The problem.
Of the entries below, return only those lines from the line with "T-shirt droit col" to the line with "Noelia® | Summer", exactly, both included.
▬▬▬▬▬▬
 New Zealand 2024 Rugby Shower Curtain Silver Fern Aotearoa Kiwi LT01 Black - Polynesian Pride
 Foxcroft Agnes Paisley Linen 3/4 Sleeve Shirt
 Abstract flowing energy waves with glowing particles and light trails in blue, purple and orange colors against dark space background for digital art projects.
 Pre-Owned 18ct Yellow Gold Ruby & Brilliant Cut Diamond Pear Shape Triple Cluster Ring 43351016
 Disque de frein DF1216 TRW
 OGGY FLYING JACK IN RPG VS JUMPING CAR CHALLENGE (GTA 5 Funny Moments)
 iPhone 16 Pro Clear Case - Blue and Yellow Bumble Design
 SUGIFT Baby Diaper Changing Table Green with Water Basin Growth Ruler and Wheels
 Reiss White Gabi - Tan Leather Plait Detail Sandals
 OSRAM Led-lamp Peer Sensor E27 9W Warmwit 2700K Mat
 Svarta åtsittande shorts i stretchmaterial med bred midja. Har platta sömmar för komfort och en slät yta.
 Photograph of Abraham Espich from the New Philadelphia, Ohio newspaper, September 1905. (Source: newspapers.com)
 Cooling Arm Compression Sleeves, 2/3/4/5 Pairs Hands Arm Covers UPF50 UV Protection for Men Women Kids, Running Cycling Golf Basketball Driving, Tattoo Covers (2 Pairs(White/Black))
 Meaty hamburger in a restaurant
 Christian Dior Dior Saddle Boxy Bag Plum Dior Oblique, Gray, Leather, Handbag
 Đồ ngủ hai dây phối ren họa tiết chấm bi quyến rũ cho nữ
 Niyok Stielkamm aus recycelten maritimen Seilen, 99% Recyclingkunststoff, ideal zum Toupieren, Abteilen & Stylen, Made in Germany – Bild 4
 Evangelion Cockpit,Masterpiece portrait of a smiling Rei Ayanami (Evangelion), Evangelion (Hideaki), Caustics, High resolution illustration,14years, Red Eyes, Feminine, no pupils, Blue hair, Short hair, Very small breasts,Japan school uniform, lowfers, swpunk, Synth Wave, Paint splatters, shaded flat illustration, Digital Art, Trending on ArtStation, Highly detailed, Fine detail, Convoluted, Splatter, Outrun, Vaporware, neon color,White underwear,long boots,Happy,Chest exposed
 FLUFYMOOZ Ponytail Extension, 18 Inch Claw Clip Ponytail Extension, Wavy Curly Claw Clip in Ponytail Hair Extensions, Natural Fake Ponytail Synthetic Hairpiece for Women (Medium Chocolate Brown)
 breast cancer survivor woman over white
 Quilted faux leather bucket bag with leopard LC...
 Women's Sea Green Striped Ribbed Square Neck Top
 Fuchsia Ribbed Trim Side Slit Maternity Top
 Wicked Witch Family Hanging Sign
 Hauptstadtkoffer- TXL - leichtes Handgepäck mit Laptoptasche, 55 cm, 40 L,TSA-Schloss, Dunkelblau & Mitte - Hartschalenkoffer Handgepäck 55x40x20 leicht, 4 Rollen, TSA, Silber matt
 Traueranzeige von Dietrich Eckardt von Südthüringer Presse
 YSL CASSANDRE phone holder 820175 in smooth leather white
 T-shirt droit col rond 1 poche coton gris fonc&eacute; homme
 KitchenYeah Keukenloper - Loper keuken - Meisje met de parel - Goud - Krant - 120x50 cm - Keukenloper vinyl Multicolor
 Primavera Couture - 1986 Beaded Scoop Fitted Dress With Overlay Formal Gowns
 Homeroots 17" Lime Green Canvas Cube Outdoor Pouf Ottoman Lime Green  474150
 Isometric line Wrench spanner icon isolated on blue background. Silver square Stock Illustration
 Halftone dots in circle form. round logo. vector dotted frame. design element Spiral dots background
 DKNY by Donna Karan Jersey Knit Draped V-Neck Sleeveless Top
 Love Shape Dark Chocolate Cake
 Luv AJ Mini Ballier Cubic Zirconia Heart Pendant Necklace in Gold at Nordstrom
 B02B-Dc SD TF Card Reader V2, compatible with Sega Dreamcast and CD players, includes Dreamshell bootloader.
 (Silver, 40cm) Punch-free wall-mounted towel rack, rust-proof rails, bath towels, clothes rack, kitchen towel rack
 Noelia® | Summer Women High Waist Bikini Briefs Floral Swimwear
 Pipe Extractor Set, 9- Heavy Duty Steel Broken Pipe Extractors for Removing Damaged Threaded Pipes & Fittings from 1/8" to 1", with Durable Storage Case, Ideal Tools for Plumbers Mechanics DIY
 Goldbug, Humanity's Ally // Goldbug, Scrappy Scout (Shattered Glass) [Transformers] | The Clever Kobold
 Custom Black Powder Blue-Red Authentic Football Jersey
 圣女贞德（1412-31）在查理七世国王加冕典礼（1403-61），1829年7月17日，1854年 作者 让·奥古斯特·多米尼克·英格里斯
▬▬▬▬▬▬
Solution to this problem.
 T-shirt droit col rond 1 poche coton gris fonc&eacute; homme
 KitchenYeah Keukenloper - Loper keuken - Meisje met de parel - Goud - Krant - 120x50 cm - Keukenloper vinyl Multicolor
 Primavera Couture - 1986 Beaded Scoop Fitted Dress With Overlay Formal Gowns
 Homeroots 17" Lime Green Canvas Cube Outdoor Pouf Ottoman Lime Green  474150
 Isometric line Wrench spanner icon isolated on blue background. Silver square Stock Illustration
 Halftone dots in circle form. round logo. vector dotted frame. design element Spiral dots background
 DKNY by Donna Karan Jersey Knit Draped V-Neck Sleeveless Top
 Love Shape Dark Chocolate Cake
 Luv AJ Mini Ballier Cubic Zirconia Heart Pendant Necklace in Gold at Nordstrom
 B02B-Dc SD TF Card Reader V2, compatible with Sega Dreamcast and CD players, includes Dreamshell bootloader.
 (Silver, 40cm) Punch-free wall-mounted towel rack, rust-proof rails, bath towels, clothes rack, kitchen towel rack
 Noelia® | Summer Women High Waist Bikini Briefs Floral Swimwear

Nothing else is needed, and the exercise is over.